• _Task to carry out_
Count each line below that has "have" anywhere in it. Answer with the total alone.

• _Records for the task_
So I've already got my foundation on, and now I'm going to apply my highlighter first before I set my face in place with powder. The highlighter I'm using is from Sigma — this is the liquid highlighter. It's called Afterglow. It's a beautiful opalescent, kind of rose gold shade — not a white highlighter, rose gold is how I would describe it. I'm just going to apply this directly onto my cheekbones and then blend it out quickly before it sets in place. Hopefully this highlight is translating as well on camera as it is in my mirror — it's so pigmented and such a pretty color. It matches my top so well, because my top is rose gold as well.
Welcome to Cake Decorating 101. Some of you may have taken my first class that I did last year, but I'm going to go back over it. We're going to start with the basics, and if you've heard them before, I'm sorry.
* * *
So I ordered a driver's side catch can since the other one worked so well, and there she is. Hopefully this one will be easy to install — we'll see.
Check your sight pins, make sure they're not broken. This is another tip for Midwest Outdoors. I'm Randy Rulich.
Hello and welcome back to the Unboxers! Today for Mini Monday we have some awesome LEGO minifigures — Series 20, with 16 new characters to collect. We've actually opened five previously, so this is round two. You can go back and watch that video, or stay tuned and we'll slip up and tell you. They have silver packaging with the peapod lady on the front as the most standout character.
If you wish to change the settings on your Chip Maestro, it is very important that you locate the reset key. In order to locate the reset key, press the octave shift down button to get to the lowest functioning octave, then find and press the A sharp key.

• _Your response_
2